Effectiveness of 0.125% Bupivacaine versus 0.125% Ropivacaine in Epidural Labour Analgesia- A Randomised Clinical Study
Correspondence Address :
Dr. KC Arun,
Senior Resident, Department of Anaesthesiology, PES Institute of Medical Sciences Research, Kuppam-517425, Andhra Pradesh, India.
E-mail: kcarun01@gmail.com
Introduction: Epidurally administered local anaesthetics provide most effective analgesia during labour process. Among the available local anaesthetics, bupivacaine and ropivacaine are the most commonly used drugs in concentrations ranging from 0.0625% to 0.125% and 0.08% to 0.125%, respectively. Both these drugs are weak bases, highly protein-bound, highly lipid soluble, and have a pKa of 8.1, low unionised fraction, thus, having a slightly longer time for onset of action but with a longer duration of action and have less transfer across the placenta. Hence, they are ideal drugs for use in labour analgesia.
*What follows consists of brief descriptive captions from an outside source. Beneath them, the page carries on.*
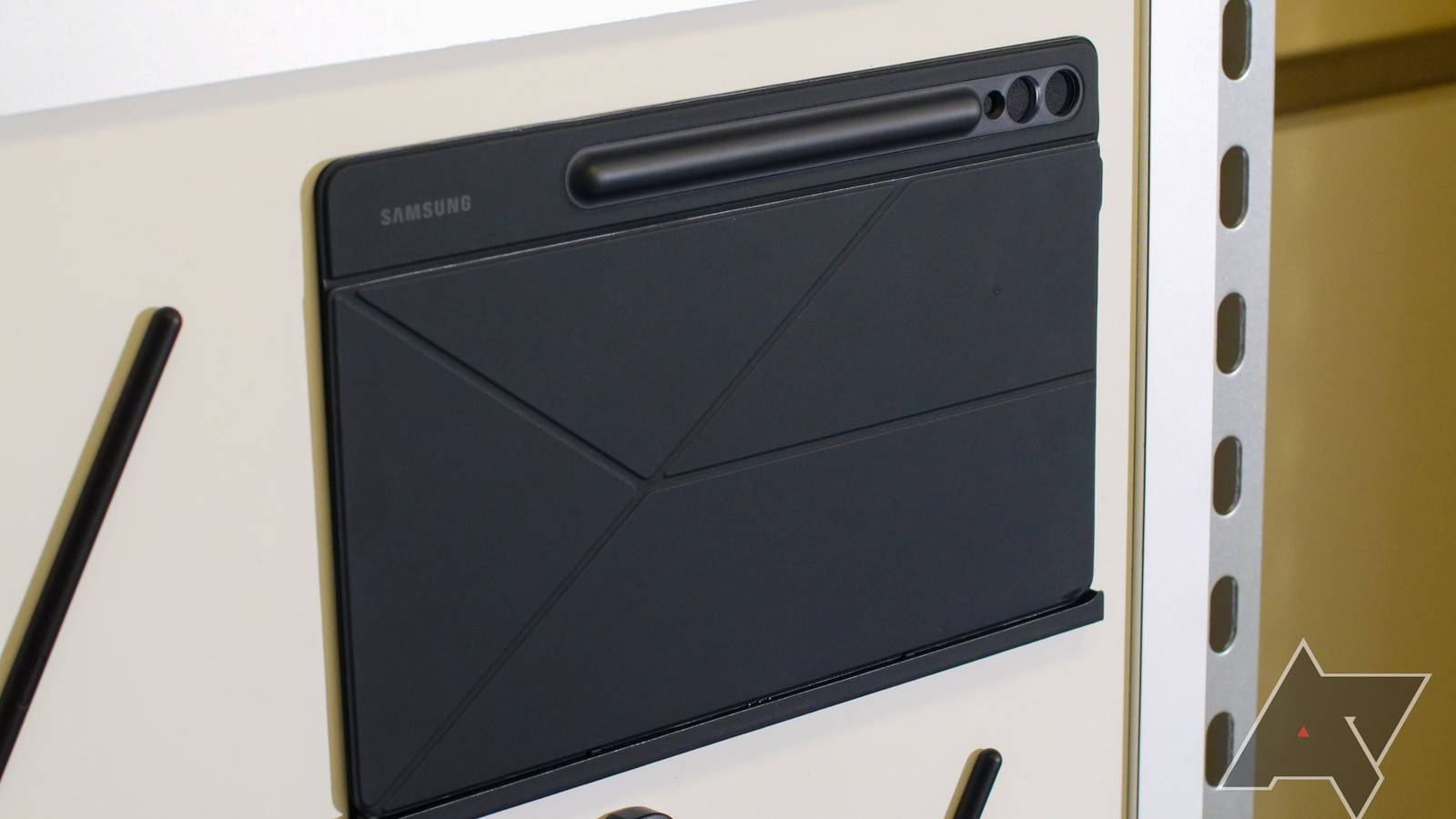 Does the Samsung Galaxy Tab S9 come with an S Pen?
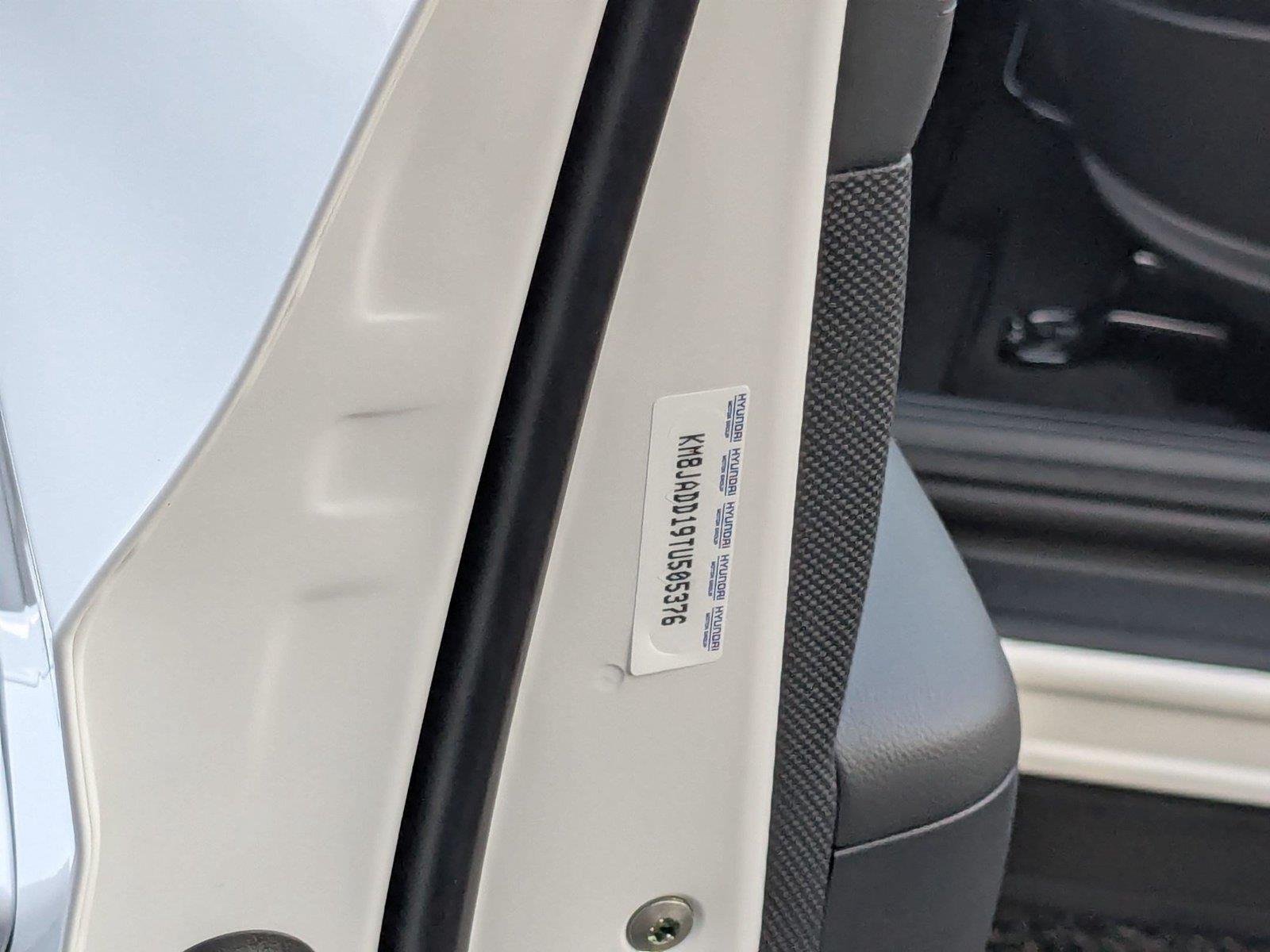 New 2026 Creamy White Pearl Hyundai Blue SE image 21
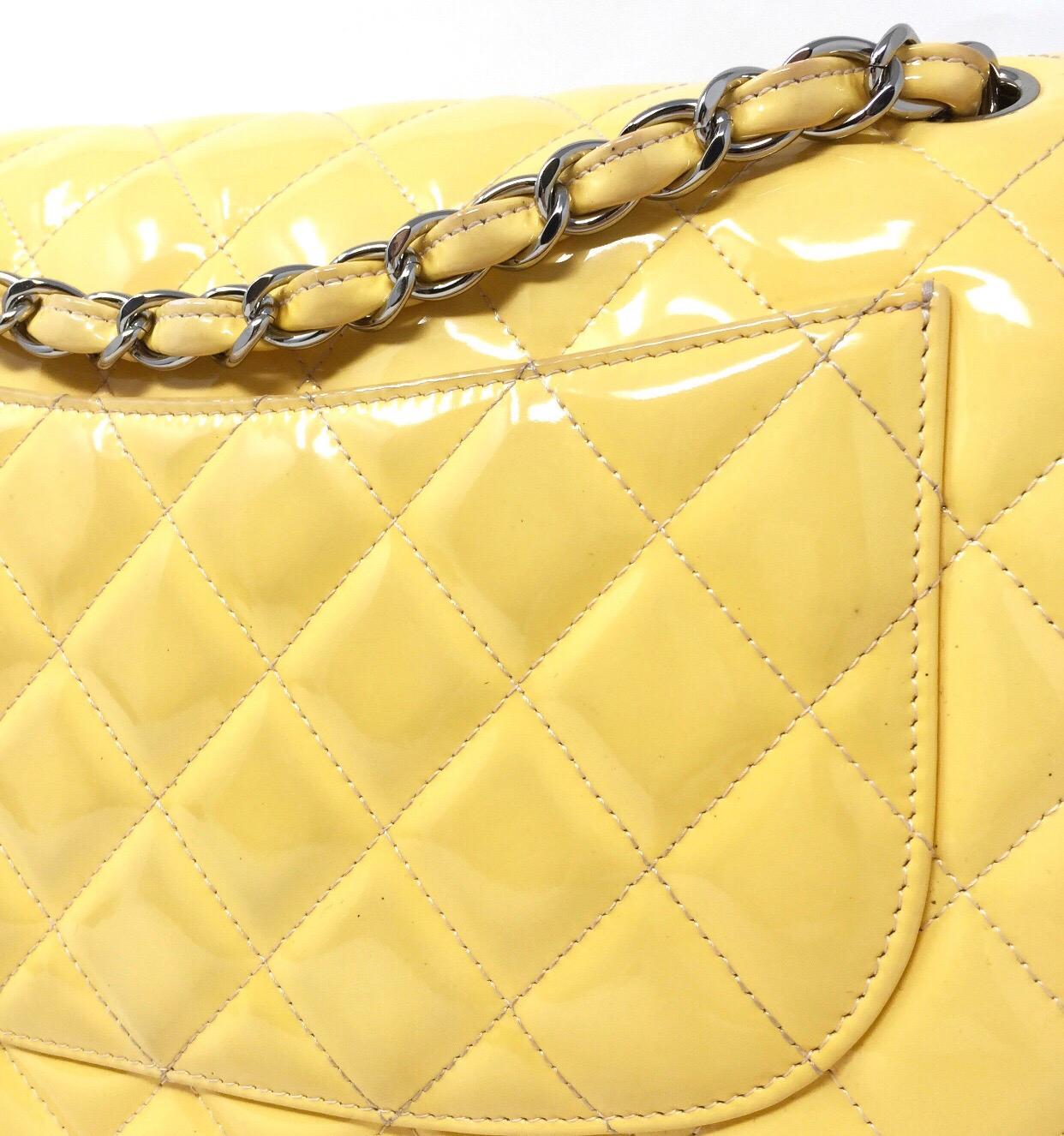CHANEL PARIS Classic Jumbo bag patent leather Yellow 2014 In Good Condition In Milan, IT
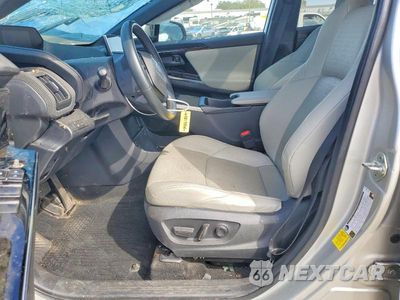 Zdjęcie 7 z 12 samochodu: 2023 TOYOTA BZ4X LIMITED VIN:JTMABACA2PA026435 - miniatura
Aim: To compare the effectiveness of programmed intermittent bolus of 0.125% bupivacaine vs 0.125% ropivacaine in low volumes in full term primigravidas for epidural labour analgesia.
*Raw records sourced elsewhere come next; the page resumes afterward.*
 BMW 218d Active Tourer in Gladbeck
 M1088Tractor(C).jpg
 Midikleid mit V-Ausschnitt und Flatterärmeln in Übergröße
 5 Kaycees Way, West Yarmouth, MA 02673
Materials and Methods: This randomised clinical study was conducetd at PES Institute of Medical Sciences and Research, Kuppam, Andhra Pradesh, India, between June 2020 and December 2021 among 80 full-term primi parturients requiring normal vaginal delivery. They were randomly divided into two groups of 40 each. Group B received 10 mL of 0.125% bupivacaine and group R received 10 mL of 0.125% ropivacaine as initial bolus dose. Repeat doses of 5 mL was given every 60 minutes or when the patient had Visual Analogue Score (VAS) score >4 with a maximum dose of 10 mL/hr with a 20 minute interval between two doses. Parameters assessed were onset, duration, level and quality of analgesia, motor blockade, number of epidural top ups, total volume of drug consumed, mode of delivery, duration of labour, APGAR score, haemodynamics, patient satisfaction and complications. Data was entered in Microsoft Excel 2010 version and analysed using Statistical Package for Social Sciences (SPSS) version 20.0.
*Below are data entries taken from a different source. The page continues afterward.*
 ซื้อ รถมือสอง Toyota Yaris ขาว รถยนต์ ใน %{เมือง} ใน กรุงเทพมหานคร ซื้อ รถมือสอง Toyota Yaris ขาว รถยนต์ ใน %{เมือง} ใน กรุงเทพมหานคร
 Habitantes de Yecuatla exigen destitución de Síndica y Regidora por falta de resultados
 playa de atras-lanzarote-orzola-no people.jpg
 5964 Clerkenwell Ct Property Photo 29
Results: Both drugs were equally effective in terms of analgesia, maternal and foetal outcomes. Bupivacaine had a faster onset of action (7.075±0.916 min) compared to ropivacaine (8.225±0.891 min) (p-value=0.001). Ropivacaine had a shorter duration of action (43.1±2.30 min vs 47.9±4.16 min in group B) (p-value=0.0001), requiring more top-up doses (5.2±0.46 vs 4.77±0.61 in group B) (p-value=0.0007), and more total volume of drug (38.5±3.08 mL vs 35.5±4 mL in group B) (p-value=0.002). It also caused lesser motor blockade (Bromage score of 1 in 1 parturient vs 8 parturients in group B) (p-value=0.0129) and better overall maternal satisfaction score (excellent) in 30 parturients vs 25 parturients in group B. APGAR scores at 1 minute and 5 minutes were comparable between the two groups. Mean heart rates, mean blood pressures were also comparable between the two groups. There were no significant adverse effects in either groups.
Conclusion: By providing minimal motor blockade and adequate analgesia 0.125% ropivacaine allows parturients to go through the labour process with excellent maternal satisfaction and minimal adverse effects compared to 0.125% bupivacaine.
Maternal satisfaction, Motor blockade, Programmed intermittent epidural labour analgesia
Labour is an extremely painful process and is the main contributor to anxiety and stress. A painful uterine contraction increases sympathetic nervous system activation resulting in increased plasma catecholamines in mother affecting endocrine, respiratory, cardiovascular systems and uteroplacental circulation and thereby, affecting both mother and foetus (1),(2),(3).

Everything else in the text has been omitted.